Gastroenterologia. Aigo: “Boom di ricoveri inappropriati. E la spesa cresce”

Gastroenterologia. Aigo: “Boom di ricoveri inappropriati. E la spesa cresce”
Le malattie dell’apparato digerente sono la prima causa di ricovero, ma solo il 9% avviene nelle unità specialistiche di gastroenterologia. Secondo l'Aigo, considerate le sole emorragie digestive superiori, si potrebbero risparmiare 140.000 giornate di degenza con un’appropriata gestione.

Proposte per ridurre la spesa pubblica e migliorare le cure attraverso il potenziamento della gastroenterologia in Italia. A presentarle l’Associazione Italiana Gastroenterologi ed endoscopisti digestivi Ospedalieri (Aigo), in occasione dell’audizione svolta oggi in commissione Igiene e Sanità del Senato.

Nel corso dell’audizione Elisabetta Buscarini, presidente Aigo, che ha partecipato all’incontro con Antonio Balzano, presidente eletto, e Giuseppe Milazzo, segretario tesoriere, ha sottolineato come la gastroenterologia rappresenti uno dei settori più importanti dell’assistenza sanitaria in Italia. Le malattie dell’apparato digerente costituiscono, infatti, la prima causa di ricovero ospedaliero con una percentuale pari al 24% del totale e sono la quinta causa di morte nella popolazione maschile e la settima in quella femminile.

Purtroppo, queste patologie sono spesso assistite in maniera inappropriata a causa dell’insufficiente numero delle unità di gastroenterologia: solo il 9% dei ricoveri viene effettuato presso queste unità specialistiche.

A questo corrisponde anche una maggiore spesa sanitaria: nelle unità operative di gastroenterologia, infatti, la durata media di degenza per ricoveri urgenti è di 6,7 giorni contro gli 8,4 giorni nelle altre unità operative.

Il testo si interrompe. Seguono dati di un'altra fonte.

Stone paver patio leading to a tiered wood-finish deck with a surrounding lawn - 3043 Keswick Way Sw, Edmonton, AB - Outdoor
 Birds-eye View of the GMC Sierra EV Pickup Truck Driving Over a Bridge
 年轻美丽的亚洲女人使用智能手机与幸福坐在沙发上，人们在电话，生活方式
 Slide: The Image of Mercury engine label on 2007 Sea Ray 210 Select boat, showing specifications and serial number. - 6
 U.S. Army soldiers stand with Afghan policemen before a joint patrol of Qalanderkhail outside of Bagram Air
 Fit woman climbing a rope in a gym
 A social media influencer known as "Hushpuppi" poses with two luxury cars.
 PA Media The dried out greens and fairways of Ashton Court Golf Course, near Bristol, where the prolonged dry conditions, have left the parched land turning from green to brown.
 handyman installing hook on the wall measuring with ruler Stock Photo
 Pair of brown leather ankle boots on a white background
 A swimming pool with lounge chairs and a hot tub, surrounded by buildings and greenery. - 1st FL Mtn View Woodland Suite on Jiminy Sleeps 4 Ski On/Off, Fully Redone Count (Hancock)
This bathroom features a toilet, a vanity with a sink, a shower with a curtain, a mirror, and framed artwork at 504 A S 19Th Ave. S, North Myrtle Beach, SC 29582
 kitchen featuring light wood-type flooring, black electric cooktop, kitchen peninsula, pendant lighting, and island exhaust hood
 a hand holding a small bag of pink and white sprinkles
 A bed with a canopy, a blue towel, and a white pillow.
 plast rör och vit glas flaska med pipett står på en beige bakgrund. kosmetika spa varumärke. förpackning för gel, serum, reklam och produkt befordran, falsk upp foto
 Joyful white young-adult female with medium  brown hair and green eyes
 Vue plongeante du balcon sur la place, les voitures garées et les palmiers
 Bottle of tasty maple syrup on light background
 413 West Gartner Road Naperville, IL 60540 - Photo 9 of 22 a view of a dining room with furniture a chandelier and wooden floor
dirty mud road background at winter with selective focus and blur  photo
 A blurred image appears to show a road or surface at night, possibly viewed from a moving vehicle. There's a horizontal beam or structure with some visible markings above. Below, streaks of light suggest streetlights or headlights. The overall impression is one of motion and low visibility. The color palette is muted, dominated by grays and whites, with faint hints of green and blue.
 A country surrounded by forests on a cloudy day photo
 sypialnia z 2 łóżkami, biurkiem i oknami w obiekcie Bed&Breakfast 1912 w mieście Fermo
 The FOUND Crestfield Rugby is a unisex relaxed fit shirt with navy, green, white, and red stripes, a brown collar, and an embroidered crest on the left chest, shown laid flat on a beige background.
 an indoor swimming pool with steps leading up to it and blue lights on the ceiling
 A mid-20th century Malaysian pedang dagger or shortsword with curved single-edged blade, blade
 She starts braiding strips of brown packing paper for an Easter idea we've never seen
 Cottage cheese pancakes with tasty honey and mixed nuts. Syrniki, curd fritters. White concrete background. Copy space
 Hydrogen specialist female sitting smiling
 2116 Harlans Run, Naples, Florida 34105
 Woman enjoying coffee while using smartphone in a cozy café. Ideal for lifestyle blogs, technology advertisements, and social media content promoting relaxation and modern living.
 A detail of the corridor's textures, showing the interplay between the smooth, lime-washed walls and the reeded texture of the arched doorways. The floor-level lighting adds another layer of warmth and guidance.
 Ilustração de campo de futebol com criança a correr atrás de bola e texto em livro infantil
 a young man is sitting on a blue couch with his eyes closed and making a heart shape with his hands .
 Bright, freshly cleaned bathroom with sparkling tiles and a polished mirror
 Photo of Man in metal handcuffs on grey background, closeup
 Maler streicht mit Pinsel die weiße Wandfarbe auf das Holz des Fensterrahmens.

Analizzando le sole emorragie digestive superiori, che in Italia colpiscono ogni anno 70.000 persone, si potrebbero risparmiare 140.000 giornate di degenza se tutti gli eventi venissero gestiti in unità operative di gastroenterologia.

Buscarini ha sottolineato come l’Associazione concordi sull’importanza di ridurre la spesa sanitaria ma ha ricordato che sulla base dei dati evidenziati dal Libro bianco della gastroenterologia vanno operate “scelte strategiche che salvaguardino le strutture assistenziali efficaci ed efficienti: tagli indifferenziati che colpiscano le unità complesse di gastroenterologia determinerebbero un peggioramento delle cure e un incremento della spesa pubblica”.

L’Associazione ha quindi sottolineato: l’importanza di garantire la media attuale di 3,6 posti letto di gastroenterologia per 100.000 abitanti; l’esigenza di creare reti regionali di emergenza per le patologie gastroenterologiche; la necessità di implementare ulteriormente i programmi di screening per il cancro colon rettale, “purtroppo ancora carenti in molte regioni”.